EXHIBIT 4.4

                               KAHIKI FOODS, INC.

                          COMMON SHARE PURCHASE OPTION


     Bob Binsky ("Optionee") is hereby granted this 24th day of January, 2004,
an Option to purchase 80,000 Common Shares ("Shares") of Kahiki Foods, Inc. (the
"Company"), subject to the terms and conditions hereof.

     Section 1. Stock Purchase Price. The Option Price for purchase of such
Shares shall be One Dollar and Eighty Cents ($1.80) per share.

     Section 2. Exercise of Option.

     2.1. Time of Exercise. The Option must be exercised within two (2) years
from the date set forth above.

         2.2. Method of Exercise of Option. The Optionee may exercise this
Option in whole or in part (but not as to a fractional share), by the surrender
of this Option, properly endorsed if required, at the office of the Company, or
such other address as the Company may designate by written notice to the
Optionee addressed to the Optionee at the Optionee's address appearing on the
records of the Company, accompanied by payment of the purchase price for such
shares by certified check or bank draft. Provided, however, that this Option may
not be exercised, to any extent by the Optionee after the expiration of the
Option.

         2.3. Adjustment of Option Price. In the event any dividend upon the
Common Shares of the Company payable in Common Shares is declared by the
Company, or in case of any subdivision or combination of the outstanding Common
Shares of the Company, the number of shares shall be increased or decreased
proportionately so there shall be no change in the aggregate purchase price
payable upon the exercise of this Option. In the event of any other
recapitalization or any reorganization, merger, consolidation, or any other
change in the corporate structure or stock of the Company, the Board of
Directors of the Company shall make such adjustment, if any, as it may deem
appropriate, as to the number, kind and price of shares issuable pursuant to
this Option.

         Upon the adjustment of the Option purchase price, or the number of
shares issuable pursuant to the Option, then, and in such cases, the Company
shall give written notice thereof by certified or registered mail, postage
prepaid, addressed to the Optionee at the address shown on the books of the
Company, which notice shall state the Option purchase price resulting from such
adjustment and the increase or decrease, if any, in the number of shares
purchasable upon the exercise of this Option and setting forth in reasonable
detail the method of calculation and the facts upon which such calculation is
based.

         Section 3. Restrictions on Transferability of Shares Issuable Upon
Exercise of this Option.

         3.1. Restricted Securities. This Option shall not be exercisable except
for a security which at the time of exercise (i) is exempt from registration
under the Securities Act of 1933, as amended, (ii) is exempt from registration
under applicable blue sky laws, and (iii) is exempt, is the subject matter of an
exempt transaction, or is registered under the Securities Act of 1933, as
amended. To this end, the Optionee may be required by the Company to give a
representation in writing that he is acquiring such shares for his own account
for investment and not with a view to, or for sale in connection with, the
distribution of any part thereof. If the Optionee is unwilling to give a
representation in writing that he is acquiring such shares for his own account
for investment as set forth herein, such Option shall immediately terminate and
the Optionee shall have no right to purchase any shares under such Option.

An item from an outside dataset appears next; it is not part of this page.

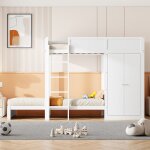 Lit superpos lit 90x200 cm - lit enfant avec marche verticale de scurit armoire haute design - sweiko ...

         3.2. Share Restrictions. In addition to the restrictions relating to
unregistered securities set forth in this agreement, all shares issuable upon
exercise of this Option shall be subject to all other restrictions which may be
in effect, from time to time, as to the shares issued and outstanding of the
Company.

         3.3. Legend. All share certificates issued pursuant to exercise of this
Option shall bear the following legend:

                  The securities represented by this Certificate have not been
                  registered under the Securities Act of 1993. These securities
                  may not be offered, sold, transferred, pledged or hypothecated
                  in the absence of registration under the Securities Act of
                  1933 or the










                  availability of an exemption therefrom. Furthermore, no offer,
                  sale, pledge or hypothecation of the securities represented by
                  this Certificate is to take place without the prior written
                  consent of counsel of the issuer being affixed to this
                  Certificate. The Company's share transfer agent has been
                  ordered to effectuate transfers of this Certificate only in
                  accordance with the above instructions.

         Section 4. Restriction of Issuing Shares. The exercise of the Option
hereunder shall be subject to the condition that if at any time the Company
shall determine in its discretion that the satisfaction of withholding tax or
other withholding liabilities, or that the listing, registration, or
qualification of any shares otherwise deliverable upon the Option exercise upon
any securities exchange or under any state or federal law, or that the consent
or approval of any regulatory body, is necessary or desirable as a condition, or
in connection with, such exercise or the delivery or purchase of shares pursuant
thereto, then in any such event, such exercise shall not be effective unless
such withholding, listing, registration, qualification, consent, or approval
shall have been effected or obtained free of any conditions not acceptable to
the Company.

         Section 5. Investment Intent. Optionee may be required upon exercise of
this Option to give a representation in writing that he is acquiring purchased
shares for his own account for investment and not with a view to, or for sale in
connection with, the distribution of any part thereof.

         Section 6. Claim to Stock Ownership. Optionee shall not be nor have any
rights or privileges of a shareholder of the Company in respect to the shares
transferable upon exercise of the Option granted hereunder, unless and until
certificates representing such shares shall have been endorsed, transferred and
delivered and Optionee has caused his name to be entered as the shareholder of
record on the books for the Company.

         Section 7. No Obligation to Exercise an Option. There shall be no
obligation upon the Optionee to exercise the Option.

         Section 8. Governing Law. The granting and exercise of the Option
hereunder, as well as the obligation of the Company to sell and deliver shares
under the Option, shall be construed under and governed by the laws of the State
of Ohio, and subject to all applicable laws, rules, and regulations and to such
approval by any governmental agencies and national securities exchanges as may
be required.

         I hereby certify that this Option is granted to the above named
Optionee.


                            KAHIKI FOODS, INC.